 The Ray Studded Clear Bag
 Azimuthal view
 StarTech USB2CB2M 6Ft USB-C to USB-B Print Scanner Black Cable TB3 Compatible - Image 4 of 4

### What the task requires
Reproduce the listing above character for character.

### Written response
 The Ray Studded Clear Bag
 Azimuthal view
 StarTech USB2CB2M 6Ft USB-C to USB-B Print Scanner Black Cable TB3 Compatible - Image 4 of 4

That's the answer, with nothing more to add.